What you need to do:
All of the data that follows should be retyped exactly, please, except the pictures.

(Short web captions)
>>>

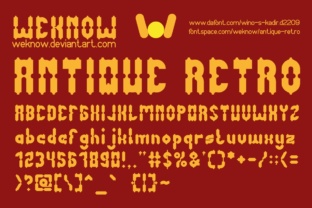 Antique Retro: A Vintage Font for Creative Designers
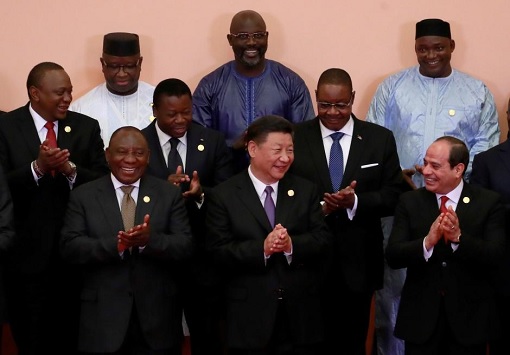 Forum China-Africa Cooperation - FOCAC - President Xi Jinping with African Leaders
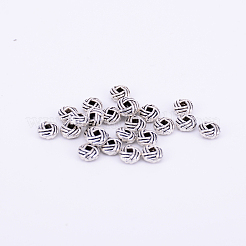 Тибетском стиле сплав Шарики прокладки&nbsp;TIBEB-CJC0001-03AS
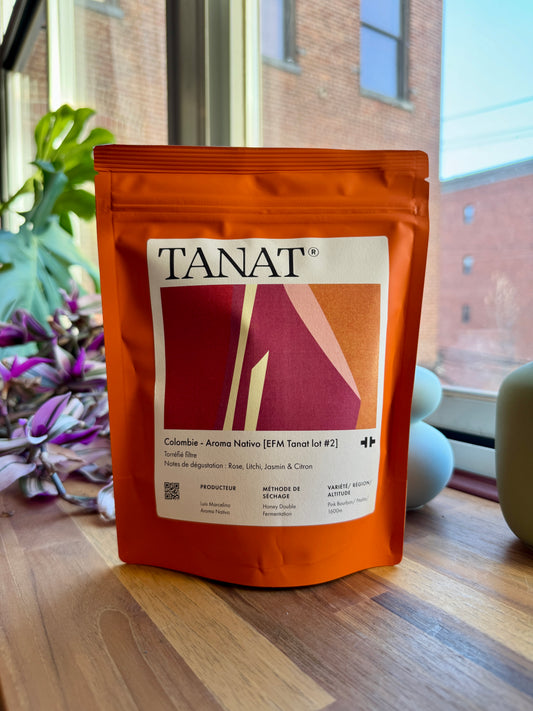 AROMA NATIVO EFM TANAT LOT #2 - PINK BOURBON, HONEY - COLOMBIA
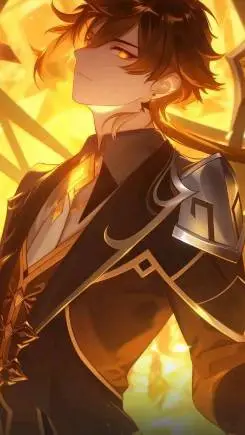 ai character: zhongli  background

<<<

Answer space:
 Antique Retro: A Vintage Font for Creative Designers
 Forum China-Africa Cooperation - FOCAC - President Xi Jinping with African Leaders
 Тибетском стиле сплав Шарики прокладки&nbsp;TIBEB-CJC0001-03AS
 AROMA NATIVO EFM TANAT LOT #2 - PINK BOURBON, HONEY - COLOMBIA
 ai character: zhongli  background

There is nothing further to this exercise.